Bien que, dans sa manière d’être et de faire, tout me parût aller à l’encontre du juste, je me sentais solidaire de sa tournure et de ses actes. En cela, d’ailleurs rien de quoi surprendre, puisque chacun sait que le fil au nombril le plus ténu résiste mieux que le fil à la patte, le plus solide.

Donc, tandis que le néo-Louis XV sévissait, de toute sa folie, dans la chaussure, ma mère portait des souliers plats. Par l’excès de leur honnêteté, ses bas imposaient le désir de leurs consolants contraires, les dentelles d’abord noires et collantes, puis blanches et mousseuses, dont les gommeuses s’embellissaient de l’orteil à la cuisse. Sa lingerie, à peine festonnée, injuriait les froufrous, mais les autres femmes se vengeaient à coups de robes aussi doucement collantes que peau d’anguilles. Ô dame de chez Maxim’s arrosée de patchouli, empanachée, les nichons horizontaux, pourquoi étais-je le petit d’une femme dont les guimpes, les manches ne faisaient jamais grâce à la nuque, la gorge, les coudes, les poignets.

À des platées de lentilles, de haricots, de pois cassés je comparais les étoffes anglaises dont elle me grattait les mollets. Et d’ailleurs, comment aurais-je pu être tenté de m’asseoir sur les genoux d’une femme qui, elle-même, n’avait recours aux chaises que pour donner un double spécimen de l’angle droit. Aussi, lui préférais-je, parce que mieux complaisant à mes nostalgies pré-natales, un fauteuil de velours rouge. Sans nul vivant giron rococo, soutaché, satiné où me nicher, je n’osais, tout de même, point, parmi les passantes, chercher une, la créature à honorer d’un culte total. Ma chair eût voulu rendre hommage à la chair dont elle était issue. Mais rien à faire. Donc, pour ne point trahir pleinement celle à qui eût dû aller toute mon adoration, dans chacune des femmes, je ne cherchais pas plus d’un prétexte, d’une occasion à s’émouvoir. Ainsi, devenais-je un petit analytique aussi malheureux, aussi grognon que les analytiques adultes. La joie entière de m’écraser le nez contre un corsage mystérieux, de caresser un velours, longtemps, je continuai à ne vouloir m’en saouler qu’à l’ombre de celle qui, justement, ne pouvait me l’offrir, puisque ces corsages n’étaient de mystère, ni de velours, ses jupes.

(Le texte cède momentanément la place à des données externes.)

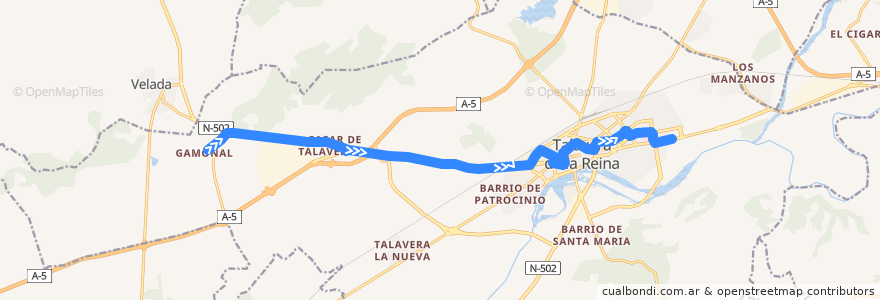 Mapa del recorrido Línea 5: Gamonal → C.C. Los Alfares (Laborables) de la línea  en Talavera de la Reina.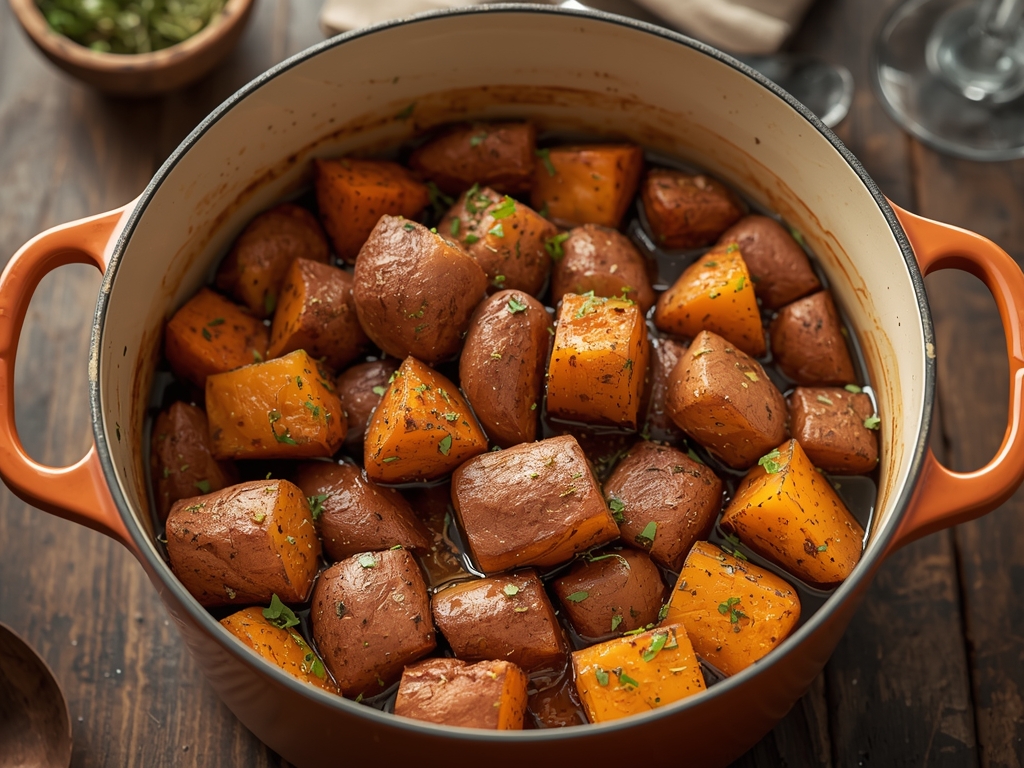 Oven roasted herbed sweet potatoes with rosemary and thyme, crispy caramelized edges, served on a rustic plate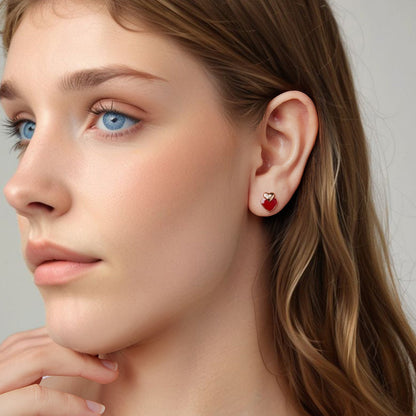 925 Sterling Silver Cubic Zirconia Enamel Rose Gold Plated Earrings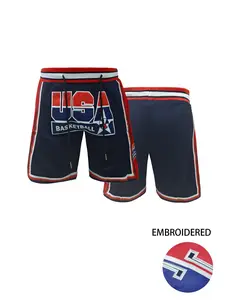 Men's USA Embroidered Basketball Shorts, Loose Fit Drawstring Gym Shorts with Pockets, Breathable Embroidered Design, Casual Outdoor Sports & Beach Wear, Athletic Basketball Shorts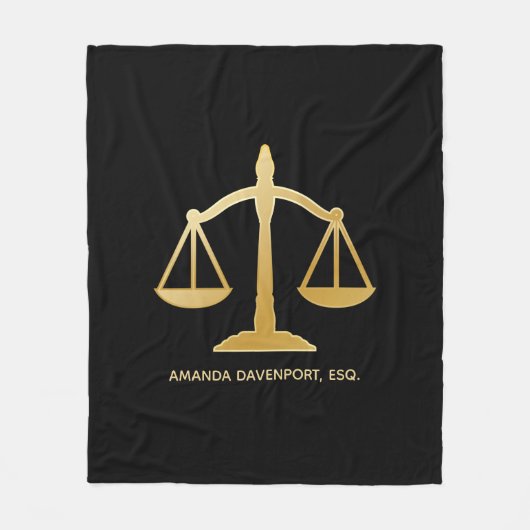 ゴールデンはかりで測オブジャスティスローテーマデザイン フリースブランケット (正面)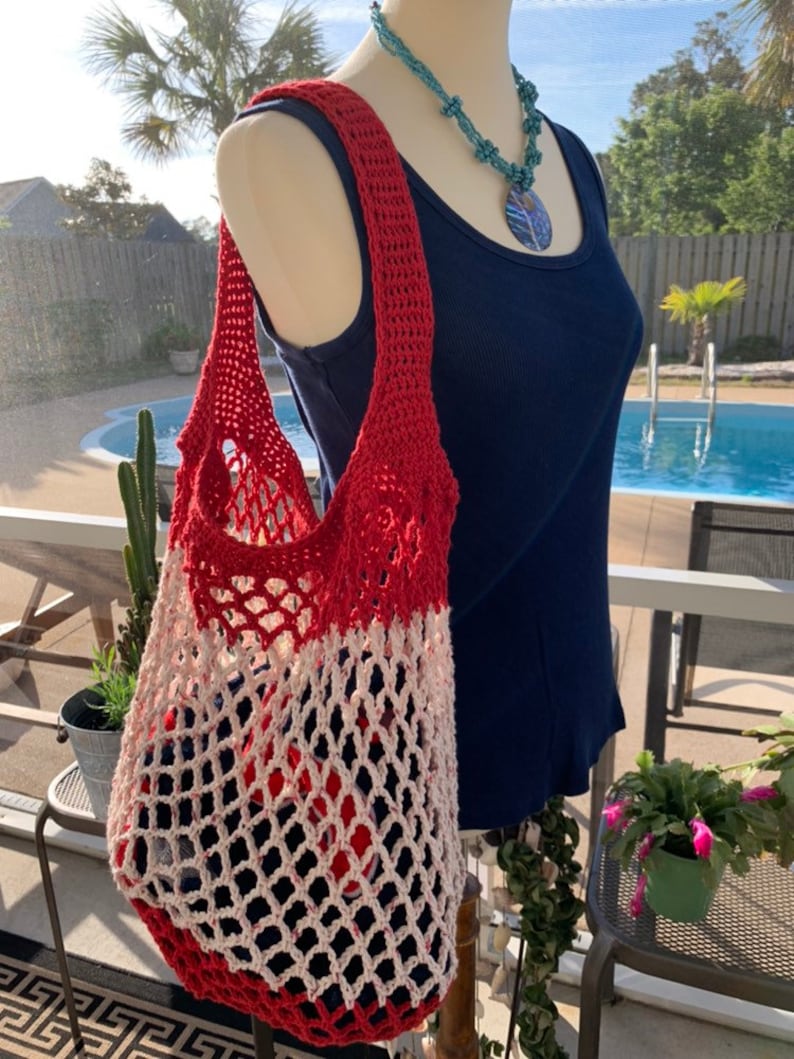 Tote Bag Handmade Crochet Eco friendly Cotton Mesh Beach Bag Market Bag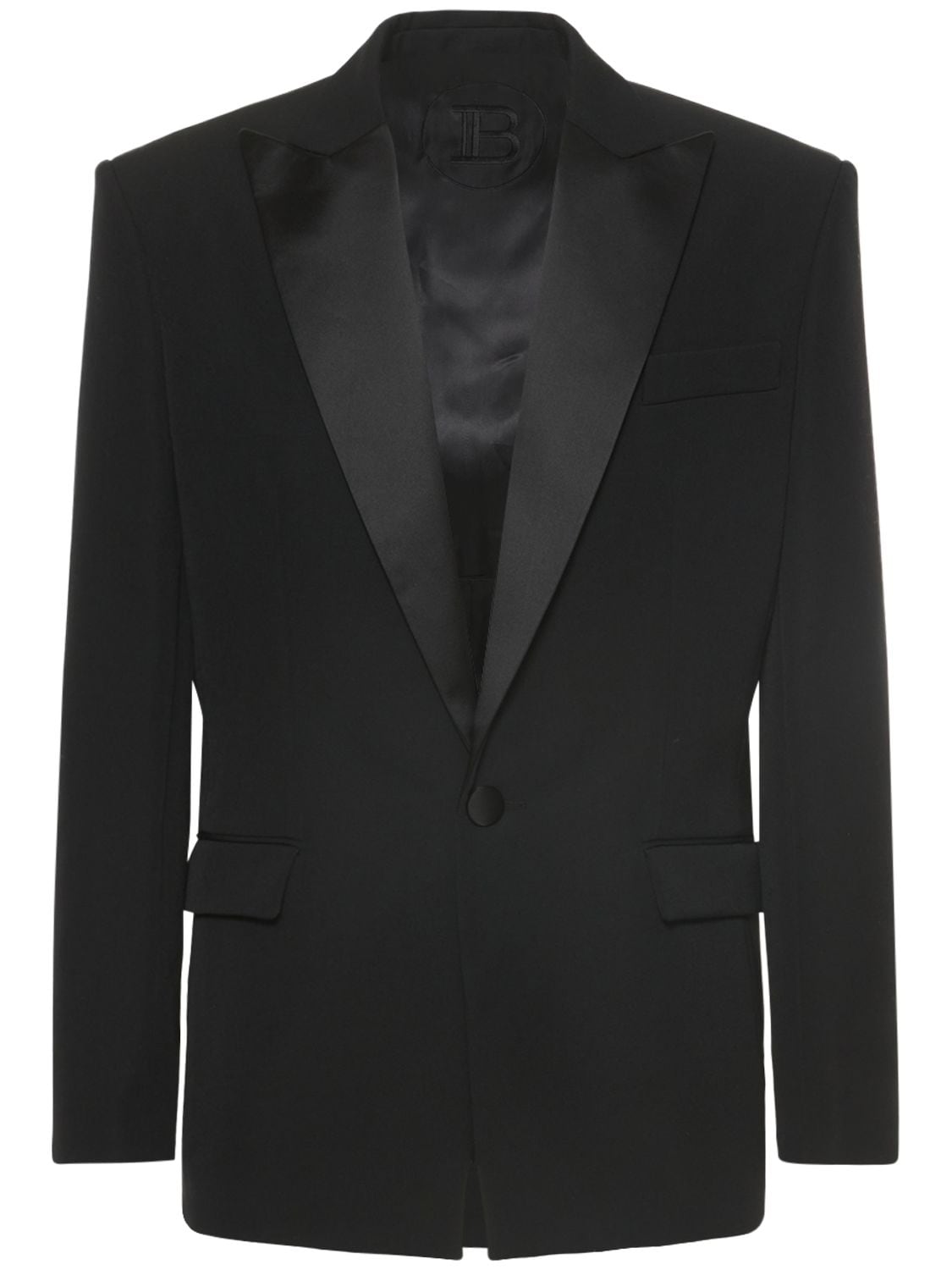 Balmain Tailored Fit Wool Blazer W/ Satin In Black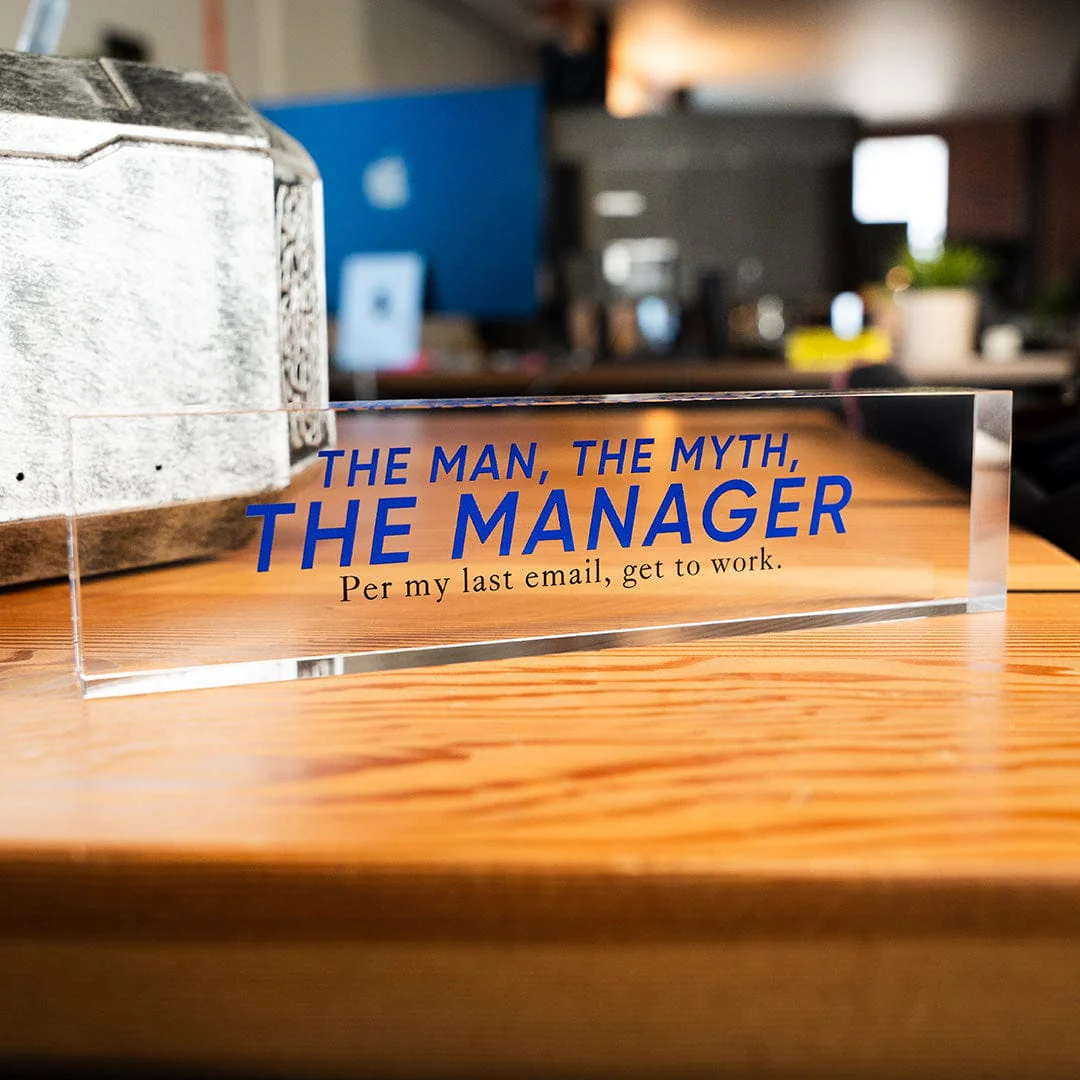 8" The Man, The Myth Acrylic Desk Name Plate - Image 4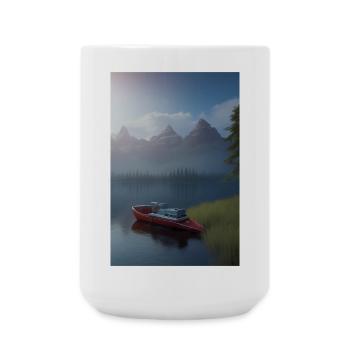 Landscape with lake, boat and mountains - Large Mug 440 ml - white - Front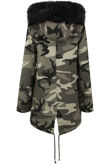 Camouflage with Black Fur Line Parka Jacket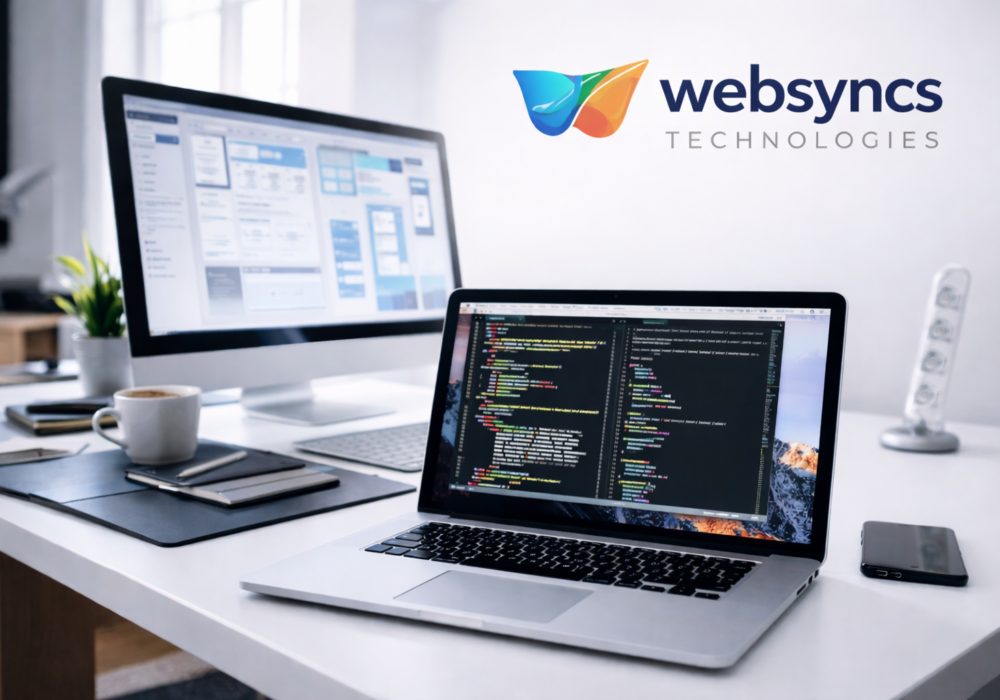 Modern web development workspace showcasing coding and UI design by Websyncs Technologies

Ce dilemme avait déjà exaspéré mes six ans, quand on décida de me donner une maîtresse de piano. Le mot maîtresse me plongeait dans le ravissement, depuis certaine phrase de mon père où il m’était apparu lourd de bonheurs sous-entendus. Le piano jouait un rôle restrictif qui ne me plaisait guère, et d’autant moins que notre piano était un piano crapaud, un piano eunuque, un piano sans queue, dont ma mère qui passait de longues heures en sa compagnie, n’avait certes pas à craindre qu’il la violât.

Ma maîtresse de piano avait un chapeau à plumes on ne peut plus amazone, et, l’enlevait-elle, c’était pour révéler une architecture de boucles oxygénées dont elle couronnait son visage très maquillé. Elle regardait l’heure à un bracelet-montre extensible (objet alors fort rare), et, très volontiers pour ma grande joie (à nous le symbolisme sexuel) sa main allait et venait à travers ce cercle complaisant. Comme je me plaisais à imaginer la peau que les autres se plaisaient à cacher, mon adoration ne connut plus de bornes, le jour qu’elle vint, pour la leçon, vêtue d’une robe dont la transparence révélait un fourreau de couleur chair. Du coup, je décidai qu’elle se promenait nue sous des voiles et résolus de devenir un grand musicien en son honneur, en l’honneur d’elle qui était la musique elle-même c’est-à-dire un mélange de pleureuses, bijoux, inquiétants, accords, arpèges, triolets, pédales appuyées, toutes choses qui me vengeaient de leurs contraires, en ma mère incarnés.

Je m’appliquai, fis de gigantesques progrès, et peut-être, serais-je devenu une sorte de Paderewsky, si l’imprudente n’avait répondu à ma famille qui la félicitait : mais ce petit est une oreille…

Une oreille ; était-ce donc de ma seule oreille que je l’adorais, moi qui rêvais d’un monde baigné dans la lumière de son satin chair. Une oreille, parce que je ne voulais pas être une simple oreille, je renonçai à mon oreille. J’oubliai, d’un coup, les notes, le doigté, le morceau que je savais par cœur. Après six ans, j’en sus moins qu’au bout de trois semaines. Ainsi, la spécialisation ampute et ampute de cela même, au nom, au profit de quoi elle prétend amputer.